Orar com crianças, sobretudo quando são muito novas – e por vezes irrequietas – pode ser desafiante. O que é que elas percebem? É justo pedir-lhes que respeitem esse momentos? Devem participar? Como fazer oração com as crianças?

 No mês de Maio, com a nossa catequese do primeiro ano, explicamos o que era uma dezena, preparamos uma com eles, feita com massas de cozinha e uma cruz em feltro. Explicámos que nem isso é preciso, que os dedos das mãos chegam perfeitamente. E orámos com eles, em duas ocasiões, uma dezena. Explicámos que a oração repetida nos pode ajudar a mergulhar na oração, a sintonizar. Um deles levanta o braço: “é como se a dezena fosse o aquecimento para a oração”. Pois é, é isso mesmo: vimos ensinar, saímos ensinados. Tanto para o entendimento: se por não percebermos tudo não valesse a pena começar, nunca ninguém tinha começado.

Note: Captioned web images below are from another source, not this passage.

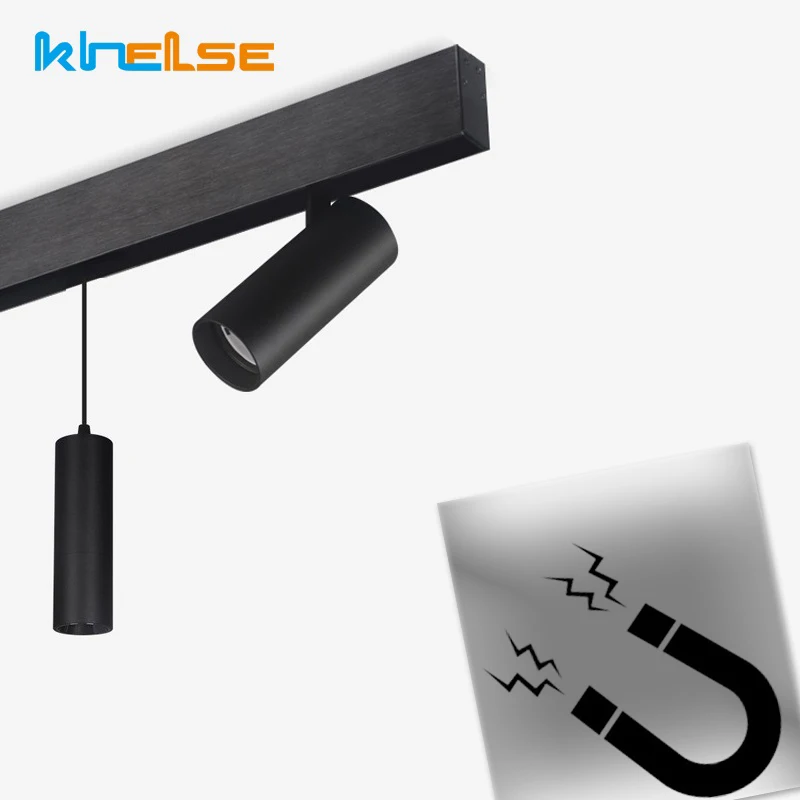 Магнитный трек светильник светодиодный подвесной креативный Алюминиевый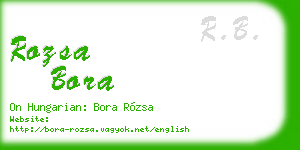 rozsa bora business card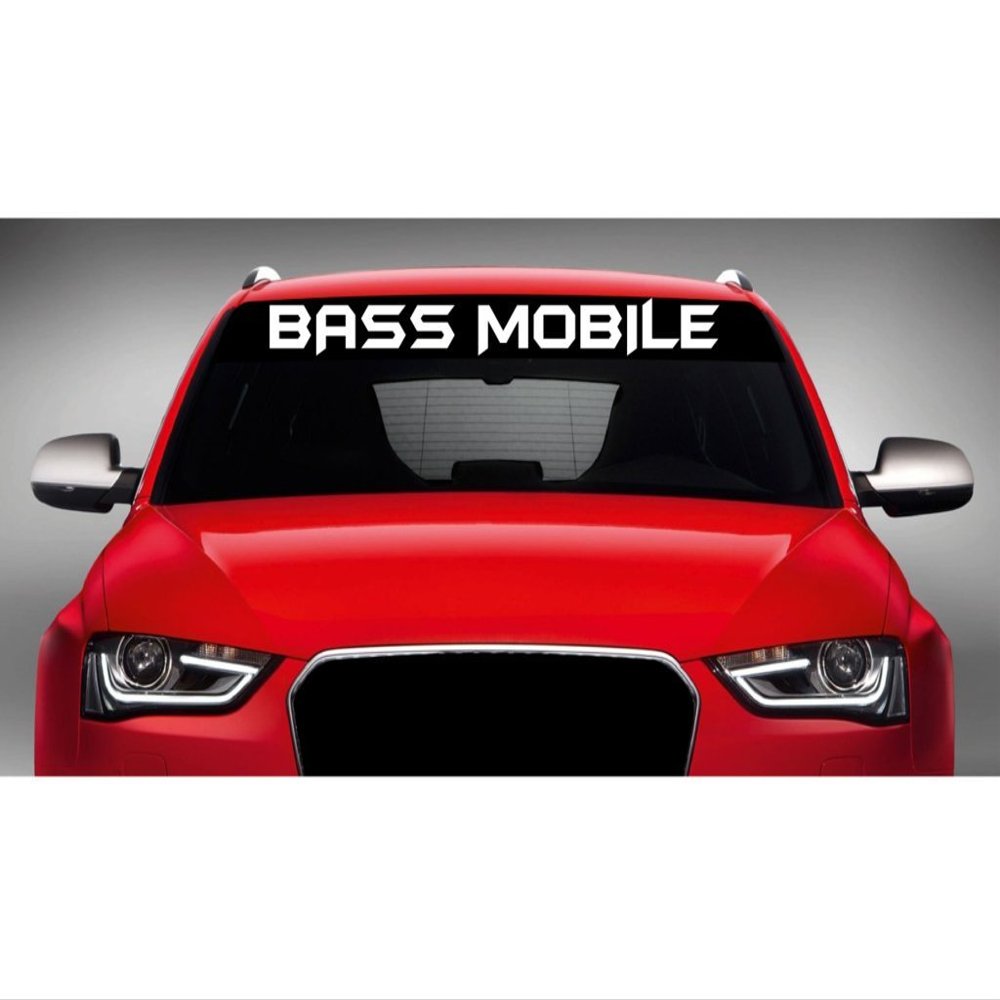 40" x 4" Bass Mobile - Car Windshield Sticker Truck Window Vinyl Decal Color: Copper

Quanto ao respeito, parece-me óbvio. Qual de nós hesitaria em pedir-lhes silêncio para ouvir um programa de interesse na televisão? Se a participação na oração lá em casa não é obrigatória – na oração participa quem quer – há que respeitar o que os outros estão a fazer e aceitar que da mesma forma que as suas actividades condicionam o tempo de toda a família também os pais têm o mesmo direito de condicionar o tempo da família para se dedicarem às actividades que consideram importantes. Não quer dizer que se exija em qualquer idade silêncio absoluto, mas, pelo menos, uma actividade que não perturbe.

A participação acontece, com naturalidade, sem ser necessário impor nada. Podemos explicar o que estamos a fazer. Muitas vezes a minha meditação da palavra é segredar a algum dos meus filhos, em linguagem mais acessível, o que aconteceu no episódio que acabámos de ler.

Fica a questão do como. Mas essa é a mais fácil, porque há muitas maneiras de fazer oração e podemos encontrar as que melhor se nos adequam e variar, de vez em quando.

Uma das maneiras mais simples de orar em família é agradecer a refeição. Quando fazemos isso, por exemplo ao jantar, podemos agradecer algo mais do que a refeição, talvez algo que se passou no nosso dia, talvez o facto de estarmos juntos. Agradecermos os nossos filhos, a nossa mulher, ou marido, os nossos pais, na presença deles, é um bom hábito: quantas vezes não precisamos de ouvir o que ao outro parecia demasiado óbvio para ser dito?

Também a altura de deitar é um bom momento para fazer uma pequena oração e talvez o exame do dia, lembrando o que pode melhorar, certamente, mas também o que correu bem e, também aqui, agradecendo. A acção de graças é, na infância, uma das orações mais intuitivas e, em qualquer idade, uma das mais necessárias.

Outra forma de fazer oração é usar um ou dois cânticos que nos ajudem a preparar-nos, uma leitura, alguns minutos de silêncio, uma oração partilhada, que poderá terminar com o Pai Nosso.

E depois, claro há a possibilidade de participar em orações comunitárias, procurando estratégias para que os mais pequenos possam estar bem sem incomodar – lápis de cor e papel nunca falha – mas também lembrando que a presença das crianças na Igreja não é tolerada, mas acolhida com carinho.

Finalmente, é preciso ter noção que não seremos nós a colher do que agora semearmos. Vinte anos. O tempo que foi preciso para que começasse a ganhar raiz, a ganhar sentido o terço. Os meus avós entregues nas Suas mãos, e aquela estrutura, aquele ritmo, a fazer memória deles, a dar-nos um espaço de intimidade no mesmo Espírito.